Amazon (AMZN -0.07%) and Microsoft (MSFT -0.27%) are ranked second and third, respectively, on Fortune's list of Most Admired Companies. That's not surprising. These tech titans have both achieved incredible success, and both have been rewarding investments in the past.

In the last year, shares of Amazon have jumped 65% and Microsoft stock is up 55%. But which is the better buy today?

Amazon: The retail giant

Amazon has an impressive list of accomplishments: It's the largest e-commerce marketplace in the United States and the second-largest retailer in the world, with over 1.7 million small and medium-sized businesses on its platform. Additionally, Amazon Web Services is the leading provider of public cloud services worldwide, with a 32% market share in the fourth quarter of 2020.

Amazon delivery driver holding a package with an open delivery van behind him

Image source: Amazon.

Beyond its core markets, Amazon is also gaining traction in digital advertising. The company's content platforms -- Amazon marketplace, Fire TV, and Twitch -- are valuable real estate in the advertising world and marketers are willing to pay for it. Amazon also provides ad tech platforms to both buyers and sellers, allowing it to profit from ad sales occurring on and off company-owned websites and apps.

In 2020, Amazon's digital ad revenue reached $15.7 billion, according to eMarketer. That represents 10.3% of the U.S. digital ad market, putting the company in third place behind Alphabet's Google and Facebook. Notably, Amazon has gained significant ground since 2018, when its ad business generated $9.9 billion, taking a 6.8% market share.

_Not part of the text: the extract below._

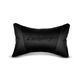 Silla Gaming Drift DR125 Negro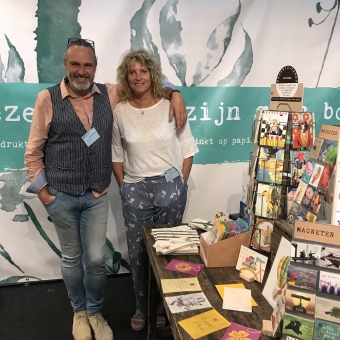 Zintenz | Nederland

These three growing markets -- online shopping, cloud computing, and digital advertising -- have powered Amazon's strong financial performance in recent years.






$177.9 billion

$386.1 billion


Free cash flow

$6.4 billion

$25.9 billion


Data source: Amazon SEC filings. CAGR = compound annual growth rate.

Despite its massive size, Amazon remains well positioned for growth in its core markets. The company recently signed an exclusive 10-year deal with the NFL to bring Thursday Night Football to Amazon Prime Video. This partnership should drive growth in Prime memberships and help Amazon expand its digital ad business.

Microsoft: The software giant

Microsoft has an equally impressive background. The Microsoft 365 suite includes industry-leading applications like Word, PowerPoint, and Excel, which have helped the company capture nearly 90% of the market for office productivity software.

Four Microsoft surface computers.

Image source: Microsoft.

Additionally, Windows is the leading desktop operating system worldwide by a wide margin, allowing Microsoft to earn licensing revenue from third-party PC manufacturers.

In cloud computing, Microsoft Azure currently ranks second behind AWS, but it's growing more quickly. Revenue jumped 56% in fiscal 2020 (ended June 30, 2020), helping Azure capture a 20% market share, up from 18% at the end of 2019.

Notably, Microsoft is driving this growth through continued investments in data center infrastructure, as well as by expanding its service offerings, particularly in the areas of artificial intelligence, data analytics, and developer tools.

Finally, gaming has become a sizable part of this tech titan's business. In fact, gaming revenue reached $9.6 billion in fiscal 2020, representing just under 7% of Microsoft's total sales. And through the first half of 2021, gaming revenue is up 38%, driven by strong Game Pass subscription sales and the highly successful launch of the Xbox Series X and S.

As a whole, Microsoft's financial performance has been impressive in recent years, especially for an enterprise of its size.



Q2 2021 (TTM)



$96.6 billion

$153.3 billion


Free cash flow

$31.4 billion

$50.4 billion


Data source: Microsoft SEC filings. TTM = trailing 12 months. CAGR = compound annual growth rate.

As a final thought, unlike Amazon, Microsoft pays a dividend. Currently, the dividend yield sits at 0.84% -- not much compared to some stocks, but with Microsoft's deep pockets, this dividend is as close to a sure thing as you're likely to find.

Going forward, Microsoft is primed for growth. Digital transformation efforts should be a tailwind for its productivity software and cloud computing businesses. And as video games and esports become more popular with consumers, Microsoft may be able to build its gaming business into a third massive revenue stream.

The verdict

Personally, I don't think you can go wrong with either of these companies. Both have achieved nearly unmatched success, and both benefit from strong competitive positions, healthy balance sheets, and big market opportunities.

That being said, Amazon wins this contest. The company is growing more quickly, and its dominant position in cloud computing gives it an advantage. Moreover, Amazon's digital ad business is rapidly taking market share, making it a major player in yet another massive industry. I think that leaves more long-term upside for investors.